В ноябре 1928 года увидела свет книга физика Артура Эддингтона «Природа физического мира», основанная на курсе лекций, прочитанных Эддингтоном в Эдинбургском университете в начале 1927 года.
Автор попытался найти философское приложение последним открытиям в области физики и квантовой механики.
Для нас имеет значение понятие «энтропия», которое Эддингтон вводит в круг философских тем, как категория материи, которая постоянно увеличивается.
Выражение «мне хотелось бы проиграть», также подверженное энтропии, вечно превращается в истории в «емн ыб хьлтебось ропоигтрарь», означающее тарабарщину.
***
В наших размышлениях мы еще не касались вопросов формы, а, между тем, они имеют не менее значимое философское обоснование, чем содержательные аспекты фильмов данных режиссеров.
Есть несколько законов энтропии мизансцены в кино.
1. Мизансцена не повторяется.
Казалось бы, стиль можно повернуть вспять волевым усилием, начав снимать фильмы, которые были бы точным повторением ушедшего стиля прошлых лет, но опыт изучения истории кино показывает, что на протяжении даже одного календарного года мизансцена меняется таким образом, что фильм 1947 года, например, можно отличить сразу от фильма 1948-го.

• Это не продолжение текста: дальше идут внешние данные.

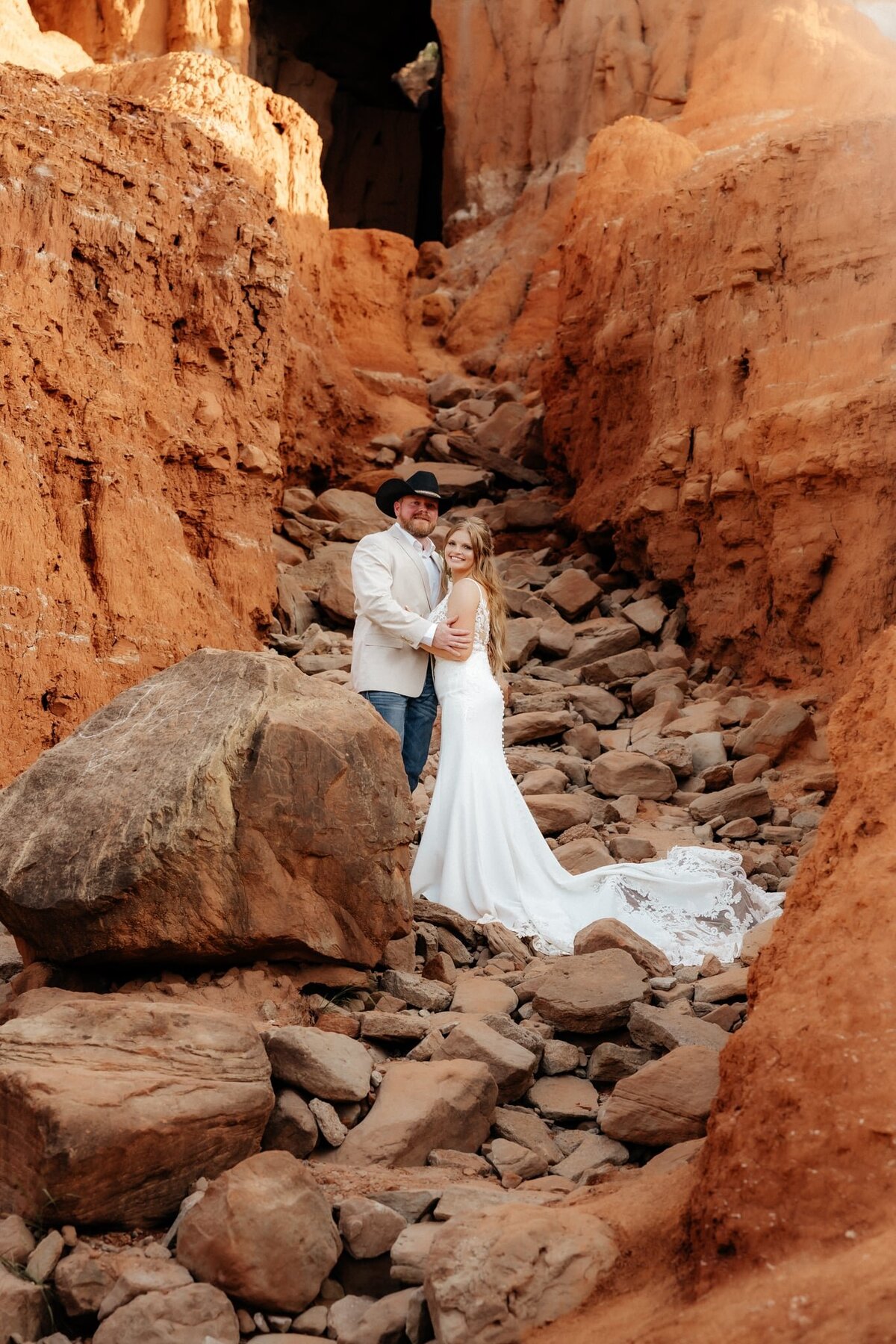 att.siU3U2Bp3asR6dLHDF5Osh-U9TjrXfRRwIOuWkbU5zk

2. Мизансцена развивается от монтажного времени к немонтажному.
Энтропия времени – в том, что длительность кадра увеличивается при переходе от монтажного кино к немонтажному. После этого вместе с нарастанием идеализма появляется желание усиления преодоления физической природы женщины как материального тела, что выражается в приходе к более высоким формам монтажа.
3. Построение пространства есть построение женщины.

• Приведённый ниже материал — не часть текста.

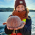 Avatar for juli-kukulies from gravatar.com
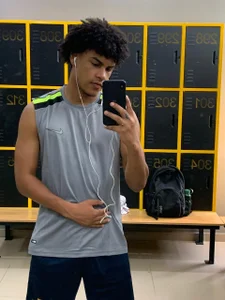 RoddyRich11 kullanıcısının Public albümü -  fotoğraf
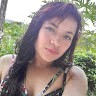 Estefania Valencia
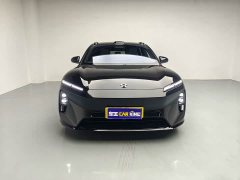 Nio ET5T 75kWh Touring - фото 2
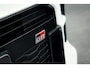 Toyota Yaris 1.6 GR Performance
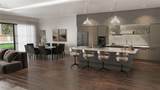 15945 Viscount Circle - Photo 4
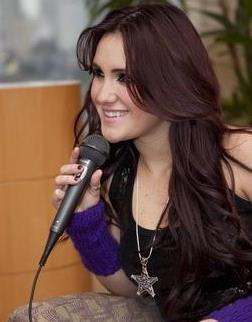 Dulcemivida4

В «Черном нарциссе» сохранялся монтажный рисунок повествования, а немонтажная съемка применялась только для передачи идеи движения.

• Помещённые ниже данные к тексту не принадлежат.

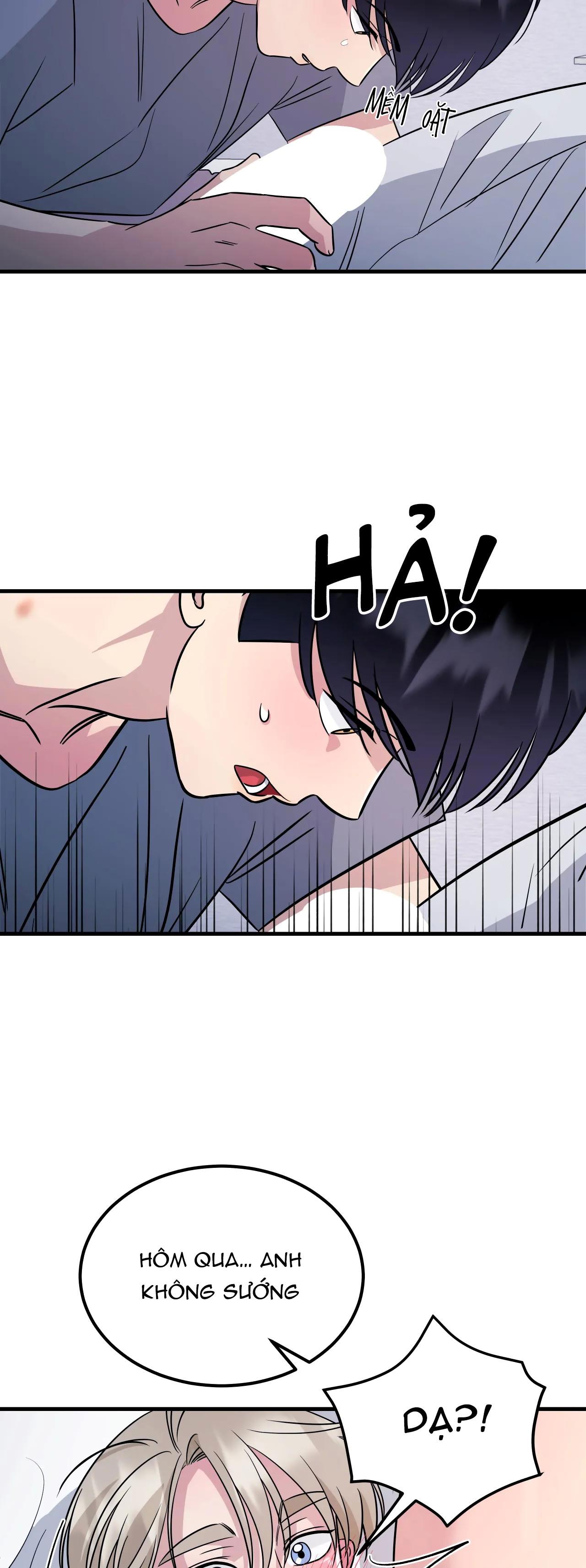 tình yêu cổ tích chapter 24 33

Художник Альфред Юнге выстроил декорации, в которых была заведомо заложена правильная и только одна точка для камеры.
Работа с материальным пространством через нечто нематериальное, как монтаж, напоминает несексуальное желание и несексуальное творчество.
Проблема монтажа – желание преодоления материального мира в момент его запечатления.
Если вспомнить сюжет «Черного нарцисса», можно сказать, что монтаж связан с наступлением женской сексуальности, которую мужчине хочется остановить.
То же самое можно сказать и об энтропии актерской игры.
Актера, носителя телесного начала, хочется превратить в музыку, которая есть противоположность воли к жизни.
Музыка в «Красных башмачках» – воплощение воли к смерти.
Предложение зрителю надеть красные башмачки и умереть в искусстве является иллюстрацией шопенгауэровской «воли к смерти», которую Лермонтов хочет передать или, вернее, сообщить Викки, а авторы фильма – своим зрителям (поэтому Башмачник в последнем кадре протягивает башмачки прямо в камеру).
«Арчеры» как бы говорят нам: «А вы?».
Отсюда делается первичный вывод, что фильм – это творение зрителя.
Изменение мизансцены в фильмах Пауэлла и Прессбургера связано со сменой творческих кадров: кинематографического художника Юнге в «Красных башмачках» сменил театральный специалист Хайн Хекрот, чьи декорации часто предполагали одну точку на общем плане, обуславливавшую сцены длиной до минуты без склеек, так что монтаж больше не был выразительным средством в сценах диалогов.
Создается впечатление, что Пауэллу просто наскучил внешне-материальный мир и он решил из него удалиться.
В «Красных башмачках» Пауэлл оставил традиционную мизансцену и сосредоточил свои силы на 17-минутном эпизоде балета без слов и с иной монтажной схемой, где образы сменяли друг друга по поэтической, сверх-монтажной связи, дающей некую другую форму отношений с экранным пространством.
В эпизоде балета актриса представала на фоне нематериальных объектов, цветовых разводов и других элементах условной реальности.
Удивительно, но в следующем фильме «Маленькая задняя комната» Пауэлл восстановил монтаж как основную часть техники мизансценирования, несмотря на то, что художником фильма все так же оставался Хайн Хекрот.
Вероятно, это связано с тем, что по сюжету фильма женщина была менее привлекательна внешне, а также обучена принимать мужское устройство мира и мораль мужчины.
Помещение, появляющееся в фильме несколько раз, каждый раз показывалось с новой точки.